By the way, I am very happy about this. I feel people should make their marriages official. If it takes medical insurance covers to ensure that happens, the better. I have several reasons why this new regulation is exciting for me.
If a marriage is made official before the eyes of the law, at least, then so many problems would be solved. Feelings of insecurity in the relationship would be a thing of the past because this person has made their commitment to you official.
“Whether someone does an official wedding and gets a certificate or is cohabiting does not get them immune to most of these problems faced in marriage. However, for most come-we-stay marriages, ladies seem to complain more. Most are uncertain about the future and seem to look for some guarantees beyond verbal assurances.
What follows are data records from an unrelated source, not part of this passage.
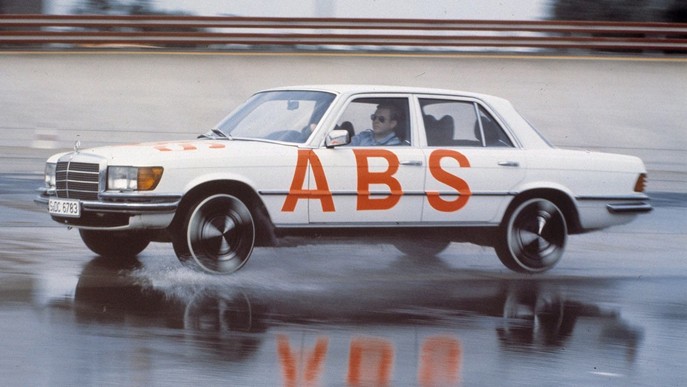Dirección ante frenada de emergencia | Sistema Antibloqueo de Frenos ABS, 1978 Dirección ante frenada de emergencia | Sistema Antibloqueo de Frenos ABS, 1978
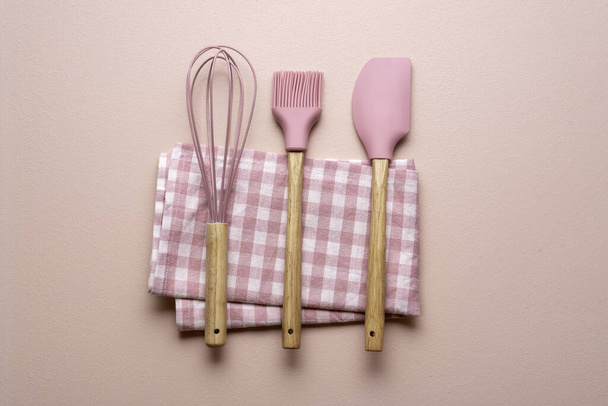 Keuken flat-lay in pastelkleuren. Bakgereedschap uitgelijnd op een roze keukendoek. Roze kookset. - Foto, afbeelding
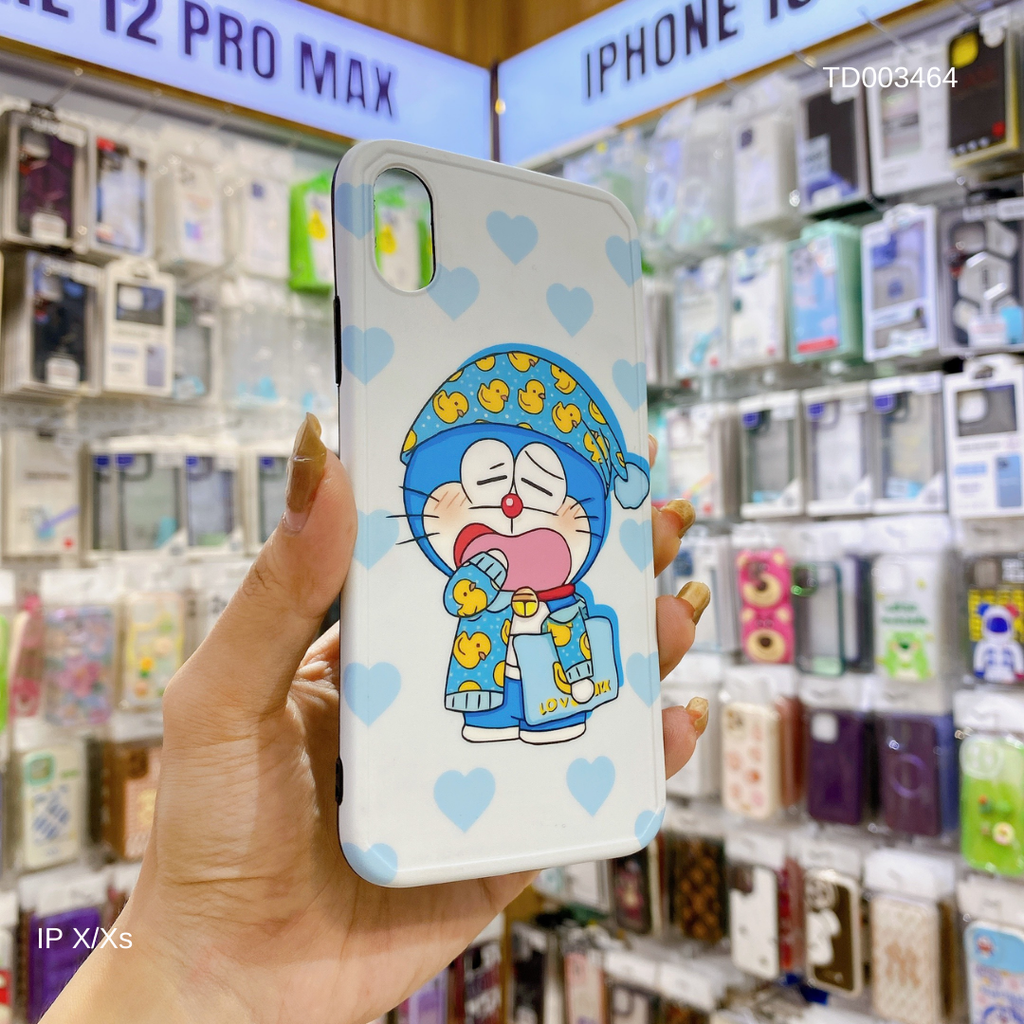 Ốp IP X Doraemon buồn ngủ đội nón, mặc áo hình vịt vàng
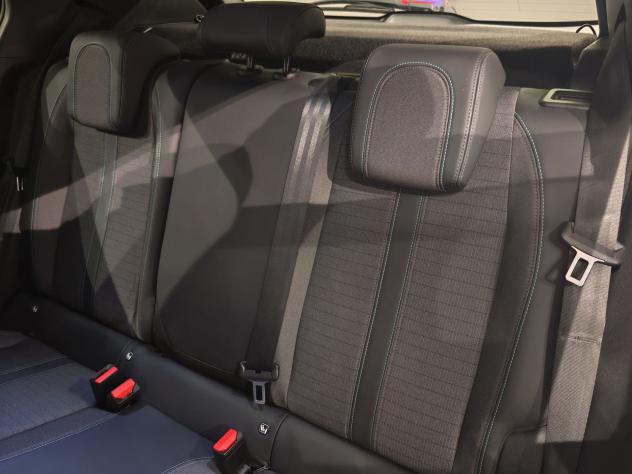 Peugeot 2008 2008 1.5 bluehdi Allure Pack s&s 130cv eat8 - Foto 8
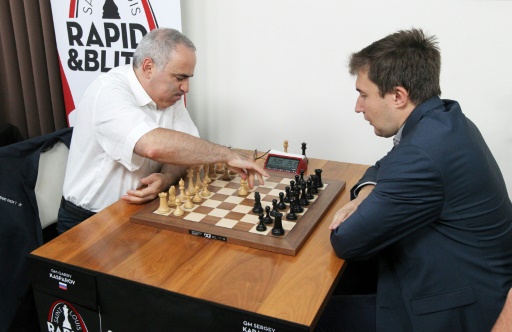 Le champion d'échecs Garry Kasparov (g) face à Sergueï Kariakine, le 14 août 2017 à Saint-Louis, dans le centre des Etats-Unis © BILL GREENBLATT AFP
It is the belief of some spouses I have interviewed in the past who opt for a come-we-stay marriage that one partner did this to avoid long term commitment. This becomes a faulty platform on which many other issues begin to breed,” said Rev Philip Kitoto in a past interview.
These days, I always encourage people to have weddings. I had initially wanted a small intimate affair but was convinced otherwise and now I am a big believer in grand weddings. Note well, it does not necessarily have to be expensive. A simple party where your friends and family celebrate your union can be pocket friendly if the unnecessary items are foregone.
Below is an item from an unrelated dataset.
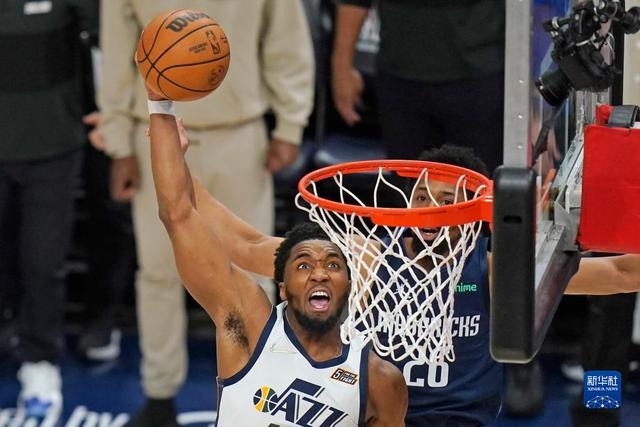 热火大胜活塞止4连败 三巨头49分太阳胜黄蜂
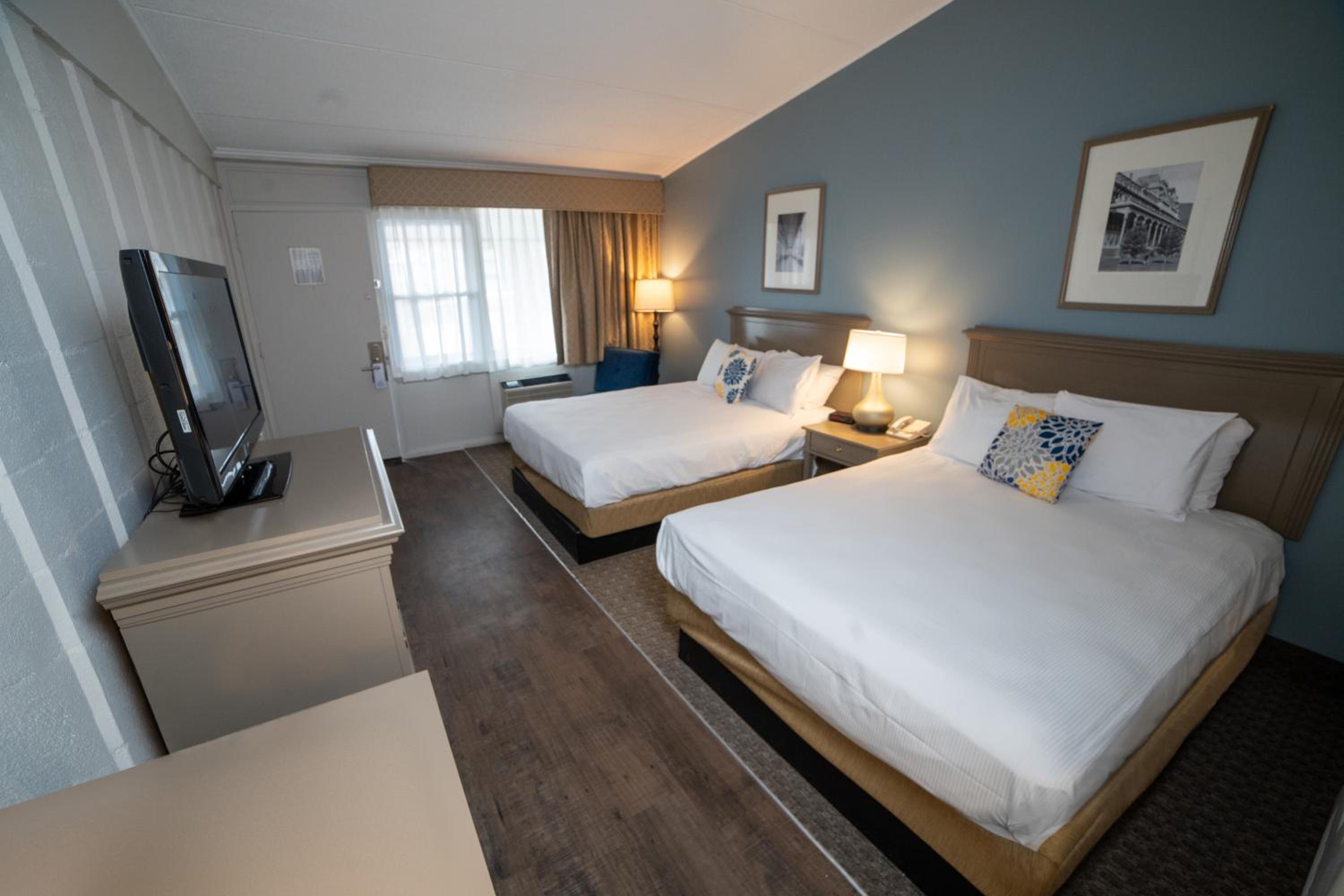 Deluxe Mountain View with Two Queen Beds photo 3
There’s no better feeling than having those closest around you witness your unification. I believe it gives more legitimacy to the relationship. This way, even if things go south, other people can help bring the two warring sides back together again.
There is no better way to know how your better half handles pressure or how the two of you can handle a situation where you have differing points of view than when planning a marriage. This is where the skills to compromise or even take the high road come into play in an otherwise amicable relationship.
When one person wants to go to the AG’s chambers on some Friday while another wants to fly everyone to Malindi for a four day wedding, the true colours of the person you are going to marry finally come out. This especially happens when the couple hasn’t been together for very long and hasn’t really experienced each other’s bad sides yet.
Signing a certificate also has the benefit of eliminating the possibility of being left high and dry when the relationship stops working. It gives one the backing of the law and helps one get legal reprieve in the case of misunderstandings and an eventual dissolution of the relationship.
If children are in the picture, at least they can be taken care of and it also helps in the distribution of property.
Which brings me to another point. How do you acquire property with one who is not legally your wife/husband? I was once told that a young couple saved very hard and really sacrificed a lot for them to build their dream home… before they were married. After the house was complete, they however had a small ceremony and lived happily ever after.
There are so many other endings that story could have had and I commend them for their courage and trust in each other. The person under whose name the land title deed is could have kicked out the other once the building was finished, for instance. Or the two could have broken up and had to divide the property between themselves. It is tricky.
When the love is still there, there is nothing one cannot do for their sweetheart, but when things sour a difficult situation is created.
All in all, NHIF, good work. Other institutions should now follow suit and make people take commitment seriously.